Although legislation may provide the most certainty, practical difficulties may need to be addressed as well. There are many things that central banks can do to stimulate industry group developments and cooperate with them short of sponsoring legislation. Explicit encouragement of industry group efforts is essential. The Report is a giant step in this direction. More needs to be done within countries so that concrete steps are taken by market participants. In addition, the central bank may wish to sponsor groups of lawyers who practice in the field of financial markets law. Such lawyer groups are not industry groups, but they are helpful forums to discover and discuss issues and propose solutions that affect industry group efforts. The inclination of some to sit back and let others do the developmental work needs to be addressed. The benefits of the initiatives discussed in this comment are real and substantial, but they will only become truly viable with the participation of most of those who stand to benefit.

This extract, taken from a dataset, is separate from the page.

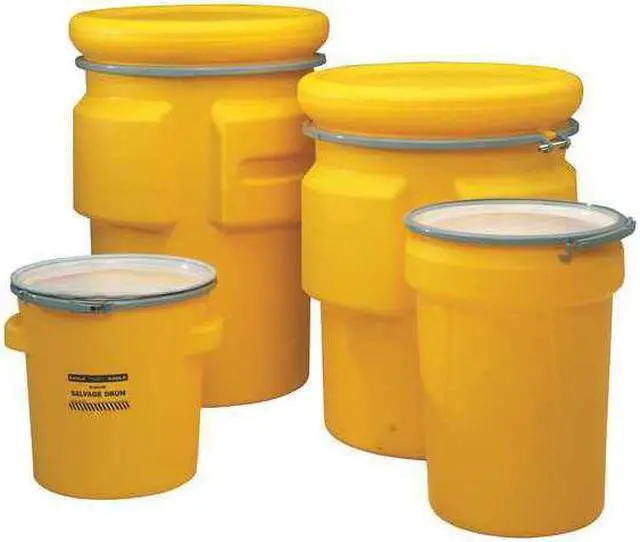 Alt view image 5 of 6 - EAGLE 1654 Open Head Salvage Drum, Polyethylene, 20 gal, Unlined, Yellow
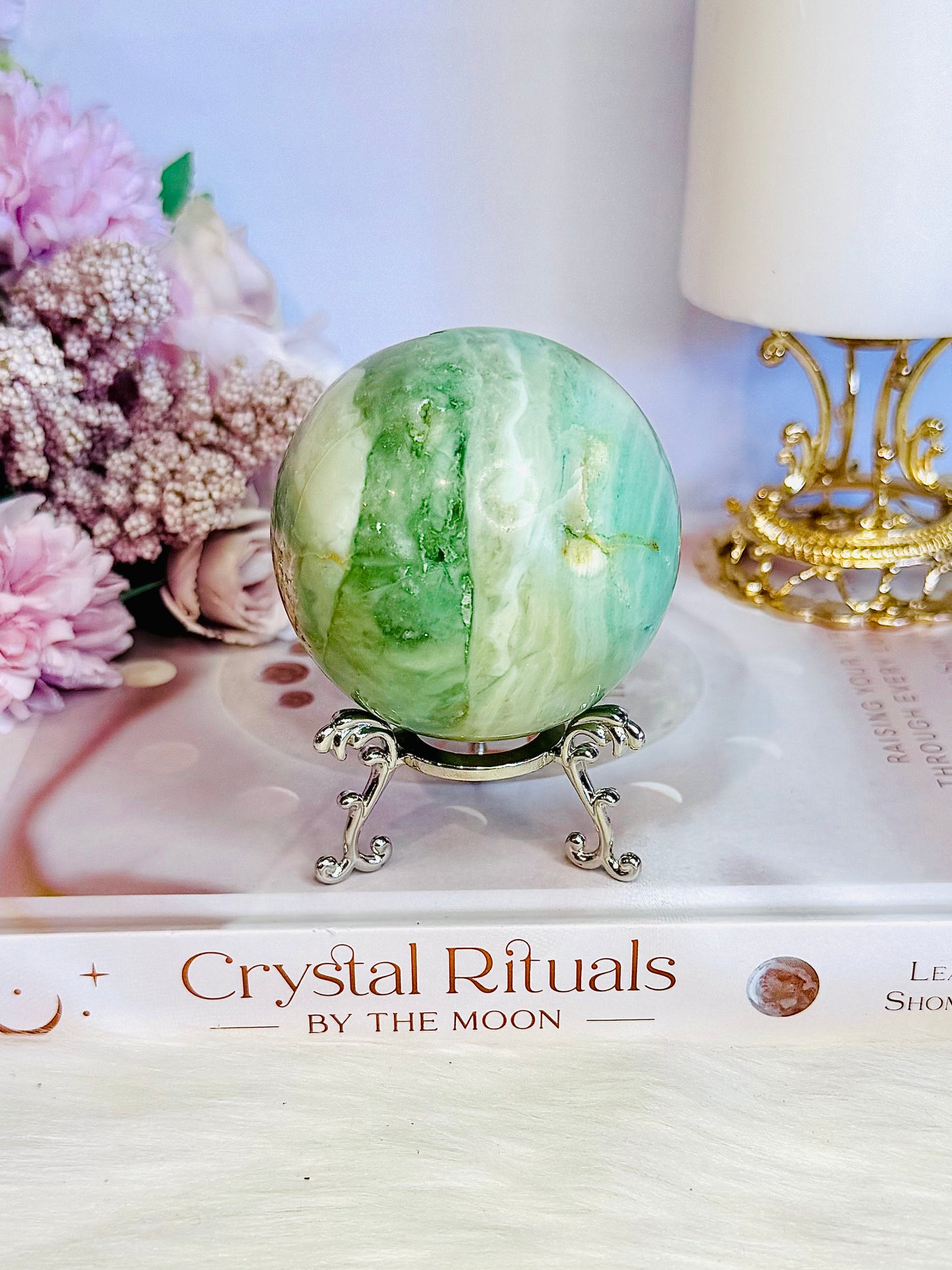 Beautiful Natural Variscite Sphere On Stand 381grams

Central banks need to be sympathetic to the problems that industry groups face in developing multicurrency services. In this comment, some of the legal issues have been addressed. However, legal issues are only part of the picture. Industry groups are made up of members that do not all have the same goals and interests. There are the issues of cost and time, and enormous practical problems arise in forming such a service—such as structuring the organization, developing documentation, getting regulatory approvals, developing systems and operations, and obtaining personnel and facilities—all for a venture that will not directly enhance revenues.

Such “sympathy” is only useful in concrete forms. For example, central banks should understand the need to control costs. The best solution is one that achieves the proper balance between costs and benefits. This, of course, is more of an art than a science.

Central banks must also accept less-than-absolute certainty with respect to the resolution of the legal issues that arise. This is especially so because of the multinational character of the undertaking to reduce settlement risk. A well-founded basis does not mean that there can be no legal risks. As long as the risks are sufficiently remote or a reasonable basis exists for identifying exposures, controlling responsibility for any identifiable loss and controlling the magnitude of the risks pose acceptable partial solutions.

Finally, central banks can expedite the approval process. This is not to say that central banks should be reckless. However, where they have regulatory discretion to do so, breaking down the barriers of red tape is a key ingredient in success. An effort to build a multicurrency service is a unique undertaking. Such a fact is an argument for caution. Still, there are no doubt many issues in the regulatory approval process that may technically apply but that are irrelevant in light of what people are trying to achieve.

Hypotheticals

The following are some hypothetical situations that illustrate some of the issues in this comment. The first hypothetical considers some individual bank steps that might be taken by a typical money center bank. The second hypothetical considers some industry group efforts in which such a bank might participate. Following the hypotheticals is an analysis of each.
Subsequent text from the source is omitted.